El sheriff, al no obtener respuesta, volvió a la ventana y empezó a golpear el cristal con la mano derecha abierta. Recy dejó de pelar patatas, se acercó a la ventana y taladró al sheriff con una mirada de enojo.

—¡Abre la puerta, Recy Taylor! —le ordenó.

Se movió, nerviosa, se arrancó otro trocito de uña con los dientes, señaló la puerta con la cabeza y desapareció de la ventana, pero sin que antes centelleara y se apagara en sus ojos una especie de pánico.

El sheriff entró con malas maneras, se dirigió hacia mí; me zarandeó con violencia, me cogió el brazo, me lo apretó con tanta fuerza que la piel me quemaba entre sus dedos. Me arrastró hacia fuera gritando:

—¡Sal de la ciudad si no quieres que te detenga!

Tragué saliva haciendo un verdadero esfuerzo por no llorar, me las ingenié para soltarme y salir corriendo escaleras arriba, asustada y nerviosa. Pero no arrojé la toalla: el Comité se aseguró de que el caso recibiera atención nacional y en octubre era noticia titular. Un gran jurado realizó una investigación indagatoria. No hubo justicia para ella. A pesar de que identificó a los violadores, no se les acusó, algo que no sorprendió a nadie.

Aun cuando la habían advertido repetidamente de que la matarían si hablaba, Recy Taylor denunció a sus violadores.
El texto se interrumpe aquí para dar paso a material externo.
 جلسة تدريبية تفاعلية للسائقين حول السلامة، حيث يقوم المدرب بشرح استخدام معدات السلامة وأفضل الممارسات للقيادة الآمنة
Tuvo la valentía de alzar la voz. Muy pocas mujeres lo hacen, temen por sus vidas. Amenazan también a la familia y a los amigos. No es fácil mantener la racionalidad y la cordura en un entorno como este. Lo que hizo ella es extraordinario. Siempre me acuerdo de Recy Taylor en mis plegarias.

No, las mujeres negras no somos pedazos de carne al servicio de los hombres blancos. Yo tuve más suerte que ella cuando el señor Charly intentó abusar de mí hace más de veinte años. Era mi vecino, yo cuidaba de sus hijos en su casa. Estábamos solos, me ofreció una copa, que yo, naturalmente, rechacé. Se mostraba muy amable, excesivamente amable, y me puse en guardia. Se sentó a mi lado, me puso aquellas manos asquerosas en la cintura. Me daba miedo, mejor dicho, pánico, y pegué un salto que lo sorprendió. Me dijo que no tuviera miedo, que yo le gustaba y que no quería que estuviera sola, que fuera dulce con él. Me sugirió que tenía dinero para pagarme las atenciones que le ofreciera.
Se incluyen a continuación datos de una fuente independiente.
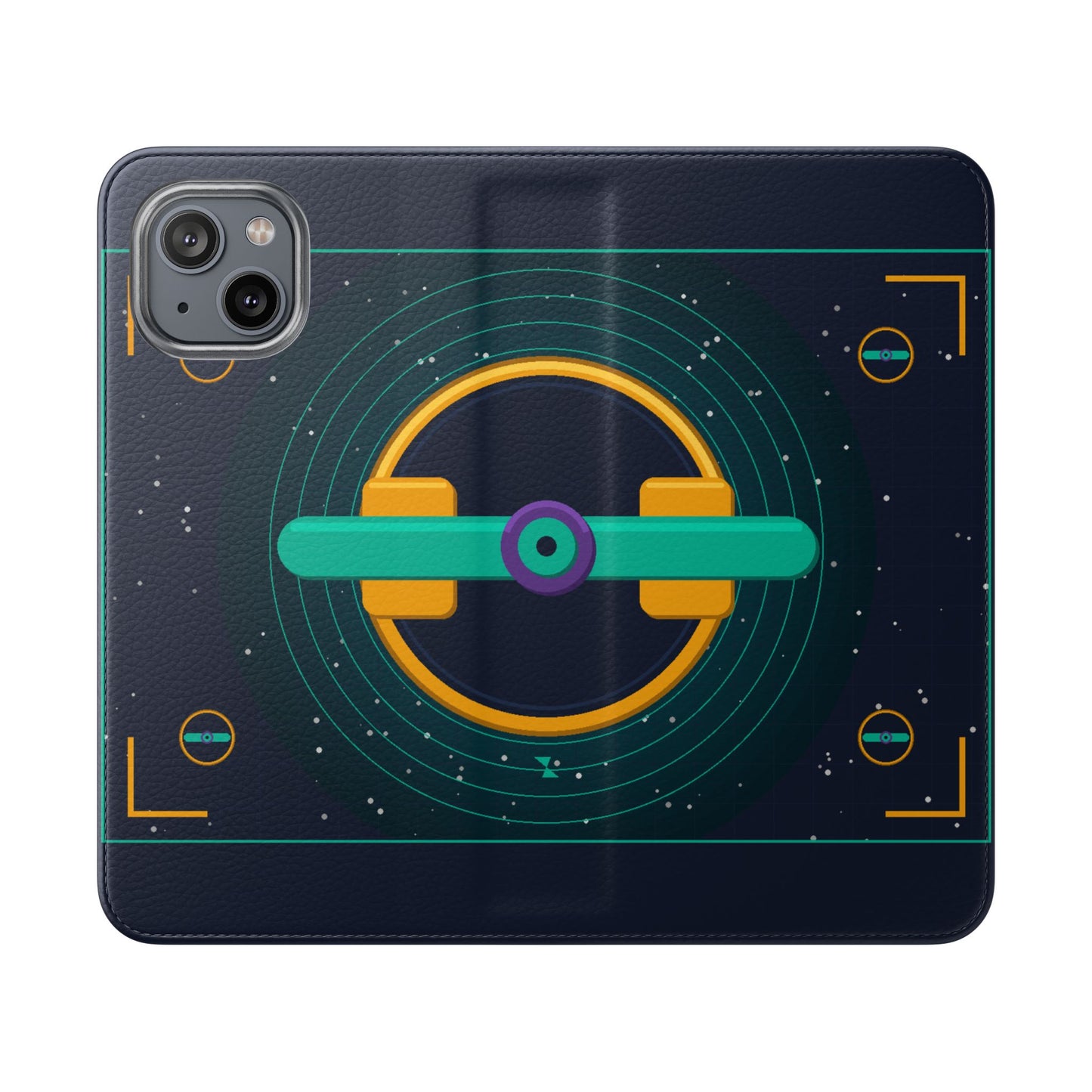 Unboards Cosmic Flip Case — Retro Space Tech Wallet Cover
Me trató como una puta, vaya. Supe que, pasara lo que pasara, no iba a librarme de la bestialidad de aquel hombre blanco. Estaba preparada para morir y dispuesta a ello. Pero no le daría consentimiento alguno, jamás.

—Si quiere matarme y violar un cadáver, hágalo, pero primero tendrá que quitarme la vida —le dije mientras me zafaba de él.

No me puedo creer que después de tanto tiempo note aún el calor de las lágrimas en los ojos al recordarlo. Este primer día de diciembre de 1955, en el autobús, después de ver desaparecer el espejismo de Recy Taylor, he recordado la sensación de sentirse como un trapo, como un pedazo de carne.

Iba tan absorta en mis pensamientos, en ese viaje al pasado, que ni siquiera me he dado cuenta de que el autobús hacía la tercera parada frente a The Empire Theater, donde han subido unos cuantos pasajeros blancos. El autobús circulaba por la avenida Cleveland cuando el conductor se ha percatado de que un hombre blanco con traje y sombrero marrones viajaba de pie agarrado a la barra, leyendo el periódico. Pese a que había asientos vacíos, nos ha pedido a los cuatro pasajeros negros que nos fuéramos atrás, que estaba hasta los bordes, y que dejáramos tres asientos vacíos en el centro. Dado que las normas de la compañía estipulan que ningún pasajero negro puede quedarse al lado de un blanco, los demás se han levantado, pero yo me he mantenido inmóvil. El conductor ha arqueado las cejas, sorprendido.

—¡Muévete! —me ha ordenado, bruscamente.

He levantado la vista, he parpadeado unos segundos, incrédula. El conductor era James Blake. ¿Cómo ha podido pasarme? Desde aquel día que llovía a cántaros y subí al autobús por la puerta principal, Blake me obligó a salir y a entrar de nuevo por la puerta de atrás y cuando iba a subir otra vez puso el motor en marcha y me dejó con un palmo de narices bajo la lluvia, no había vuelto a subir a un autobús que condujera él, o espero el siguiente o voy a pie, pero hoy me ha despistado. He cerrado los ojos para tranquilizarme el corazón y al abrirlos no había duda: era él, la piel de calabaza y aquel lunar tan característico junto a la boca.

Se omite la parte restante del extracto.